Task details> Among the entries below, the lines from the one with "8254 Sussex Street, Detroit, MI 48228" up to and including the one with "2011 Honda Accord - Image 10" are to be restated exactly, without pictures.

Source records>
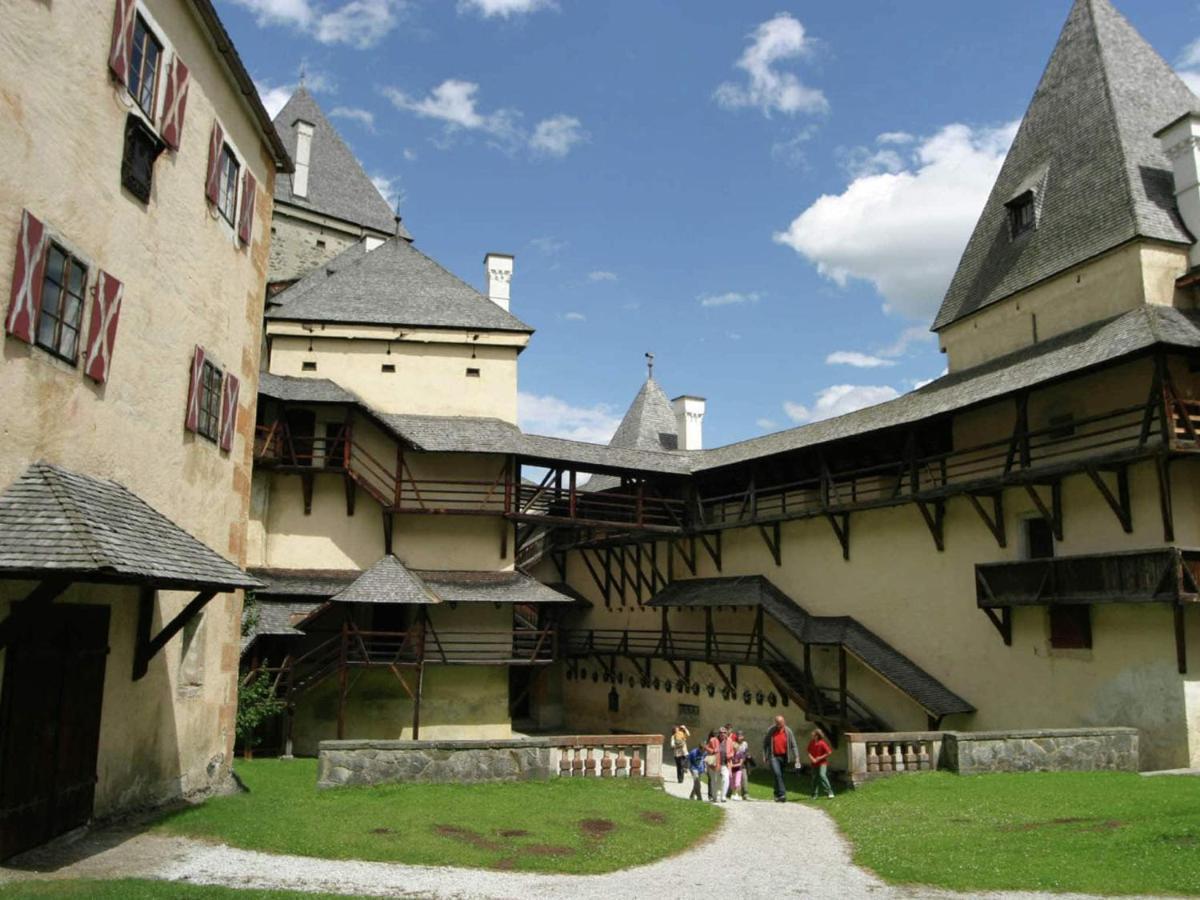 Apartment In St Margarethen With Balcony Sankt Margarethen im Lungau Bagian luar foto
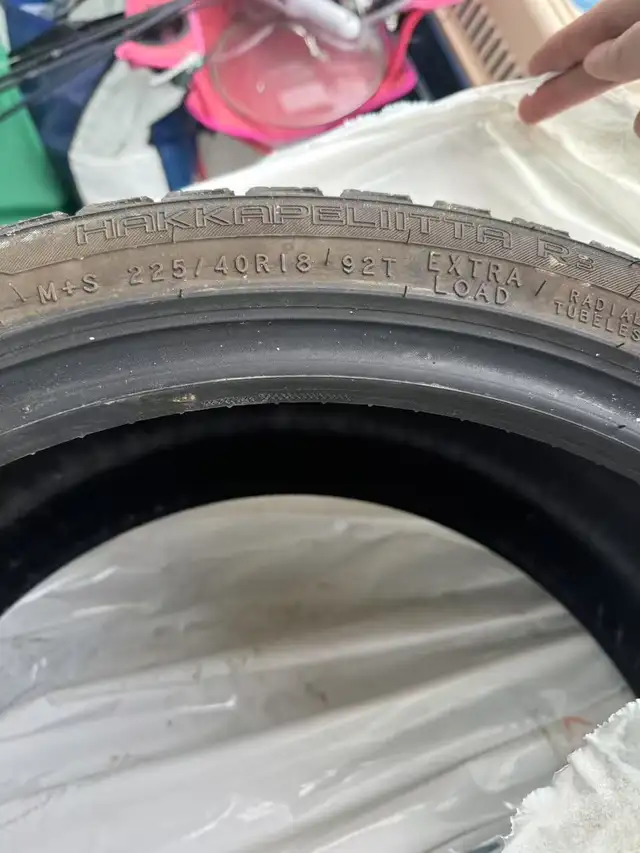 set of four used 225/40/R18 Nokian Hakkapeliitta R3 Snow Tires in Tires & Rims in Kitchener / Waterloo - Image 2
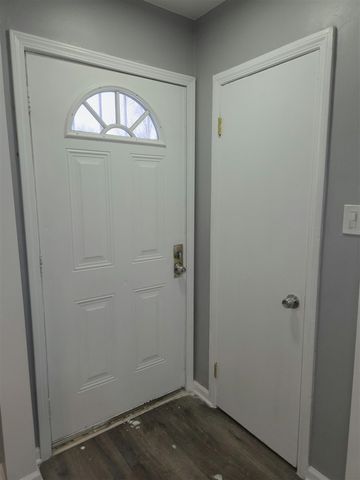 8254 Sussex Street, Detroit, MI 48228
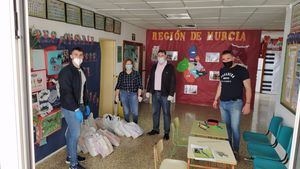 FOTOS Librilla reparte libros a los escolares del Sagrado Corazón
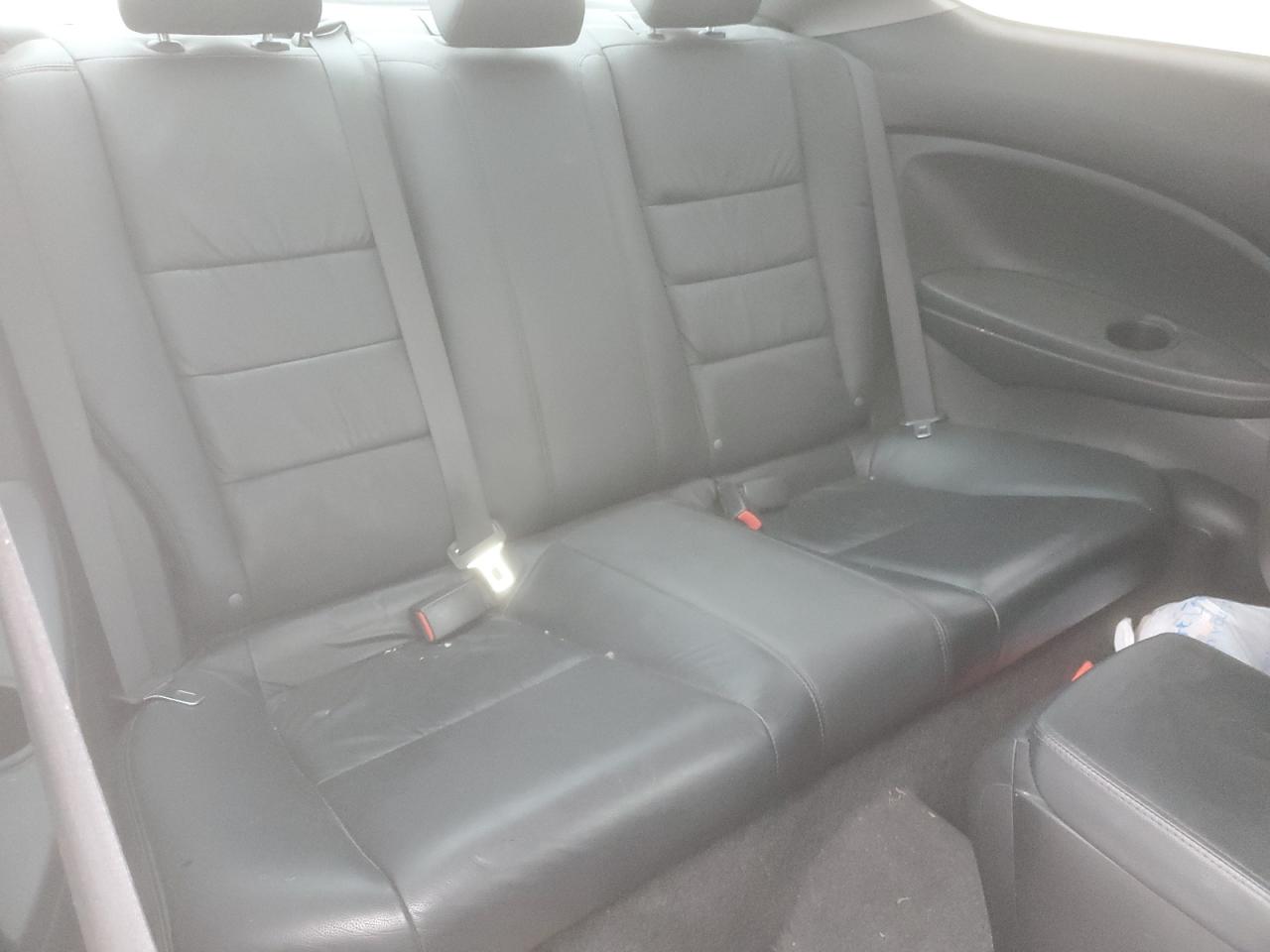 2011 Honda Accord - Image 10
---
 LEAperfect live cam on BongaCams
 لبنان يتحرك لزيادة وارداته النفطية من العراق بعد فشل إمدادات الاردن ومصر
---
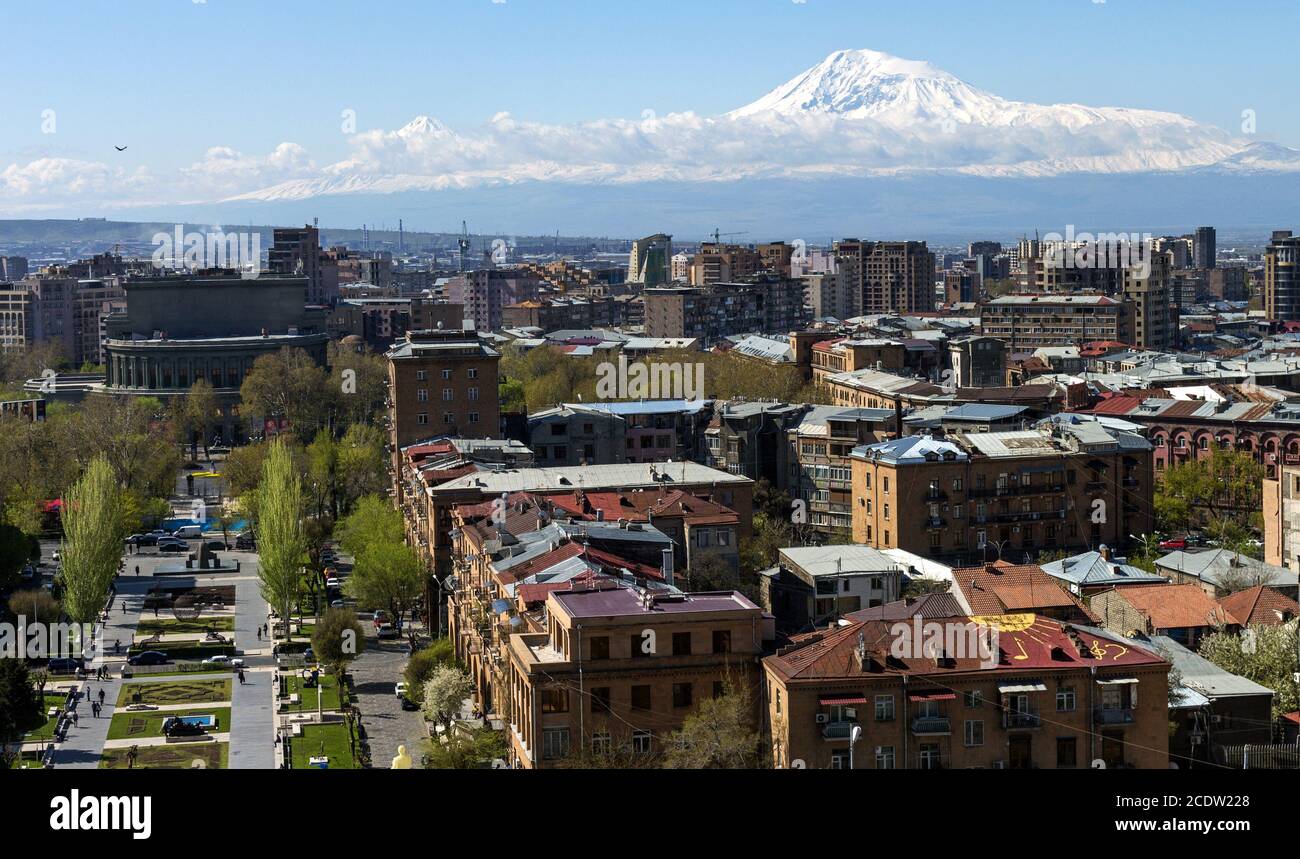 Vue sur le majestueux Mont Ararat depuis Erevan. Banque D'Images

Exercise result>
 8254 Sussex Street, Detroit, MI 48228
 FOTOS Librilla reparte libros a los escolares del Sagrado Corazón
 2011 Honda Accord - Image 10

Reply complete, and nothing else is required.